Automated decision-making
AI systems that make decisions about individuals, such as credit scoring, hiring, or insurance pricing, may trigger additional obligations. Under laws like the GDPR, individuals have the right to meaningful information about the logic involved, as well as the right to contest decisions. Organizations must assess whether their AI systems fall under these provisions and implement safeguards accordingly.
Transparency requirements
Transparency is a cornerstone of privacy compliance, but it can be difficult to achieve in AI contexts. Data subjects may not be aware that their information is being used to train models, especially if it was collected for unrelated purposes. Organizations must find ways to communicate clearly about AI data use, including the nature of processing, the source of data, and the impact on individuals.
Regulator guidance on AI and privacy
Regulators are increasingly issuing guidance to help organizations navigate the intersection of AI and privacy law. These resources often fill gaps where legislation is still evolving.
- South Korea’s Personal Information Protection Commission issued a set of guidelines and a checklist for AI developers/deployers.
- The EU Commission issued a voluntary set of guidelines to help companies comply with the required general purpose AI model obligations of the AI Act.
- The United Kingdom’s Information Commissioner’s Office (ICO) published an AI and data protection risk toolkit, along with additional guidance for applying purpose limitation and individual rights requirements to AI.
- Canada’s Office of the Privacy Commissioner released principles specific to generative AI and privacy protection.
Practical steps to compliance
To manage AI-related privacy risks effectively, organizations should take a structured approach:
- Identify applicable AI-specific laws: Understand which jurisdictions have enacted AI legislation and assess how those laws apply to your use cases.

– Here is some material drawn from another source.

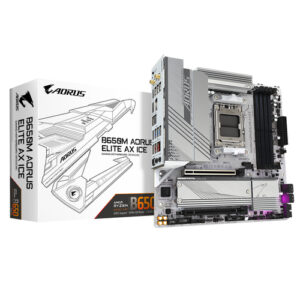 Tarjeta madre GIGABYTE B650M AORUS ELITE AX ICE Socket AM5, 4 DDR5-SDRAM, Wifi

- Review regulator guidance: Use official toolkits and checklists to align internal practices with regulatory expectations.
- Map general privacy laws to AI activities: Evaluate how existing privacy obligations, such as legal basis, transparency, and data subject rights, apply to AI systems.
- Develop internal governance frameworks: Create policies that integrate privacy-by-design, data minimization, retention schedules, and security controls.
- Establish a review process: Monitor new AI deployments and regulatory developments to ensure ongoing compliance.
These steps help organizations build a scalable and defensible approach to AI governance.
Consent and preference management in AI compliance
Consent and preference management are critical components of AI privacy compliance, ensuring that individuals retain control over how their data is used, even in complex AI environments.
When AI systems rely on personal data, especially for profiling or automated decision-making, organizations must obtain valid consent. This includes:
- Clear explanation of how data will be used in AI training and deployment
- Granular options for different types of processing
- Easy mechanisms for withdrawal or modification
Consent must reflect informed, ongoing engagement and be supported by transparent communication.
By integrating consent and preference management into AI workflows, organizations can:
- Reduce regulatory risk
- Improve customer trust
- Align AI innovation with ethical standards
Building a privacy-aware AI strategy
AI offers transformative potential, but it must be deployed with care. Organizations need to understand the legal landscape, apply privacy principles to AI systems, and stay ahead of regulatory developments.
By embedding privacy into every stage of AI development and deployment, organizations can unlock value while protecting individuals and maintaining trust.